Lights-Out Protest Wednesday in Tucson To Fight TEP Solar Hike


Conservation advocates in Tucson asked everyone to turn off their lights Wednesday at 8:30 PM – to protest Tucson Electric Power’s rate case, which critics say will make rooftop solar less affordable. TEP is asking the Arizona Corporation Commission to approve a $25-30 monthly fee for new solar customers and a reduction in the amount TEP has to pay customers who sell electricity back to the grid.
Robert Bulechek, an energy efficiency consultant and member of the Pima Association of Government’s Solar Partnership, says TEP is all for solar power as long as it comes from their own solar arrays.
“And this is not a fight about solar, it’s a fight about who gets to own it,” he explains. “And so the utility wants to be the person who gets to build the solar, and I’m an advocate for everybody having that right.”
TEP argues that solar customers should contribute more to maintain the grid since they buy less power but still use the grid. Advocates argue that solar customers contribute to the energy infrastructure by buying and maintaining their own panels. The ACC is set to have a hearing on the TEP rate case on October 23.

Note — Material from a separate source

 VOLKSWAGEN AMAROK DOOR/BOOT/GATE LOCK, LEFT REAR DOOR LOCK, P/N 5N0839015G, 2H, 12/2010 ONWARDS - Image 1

“The real issue is energy justice. Where you have the potential for homeowners to produce their own energy and get off the grid and stop contributing to coal production, dirty fossil fuels and exacerbated climate change.”
Diego Martinez-Lugo

Diego Martinez-Lugo, a climate activist, says the regulator and the utility appear to be working against the best interests of consumers.
“The real issue is energy justice,” he says. “Where you have the potential for homeowners to produce their own energy and get off the grid and stop contributing to coal production, dirty fossil fuels and exacerbated climate change.”
Russell Lowes with the Sierra Club’s Rincon Group says the cost of rooftop solar has been going down – creating jobs and shrinking the state’s carbon footprint – but it needs a favorable rate structure to keep growing.
“It used to be a rich person’s investment, and middle-class people can now do solar,” notes Lowes.
Protesters also held a candlelight vigil Wednesday night in downtown Tucson.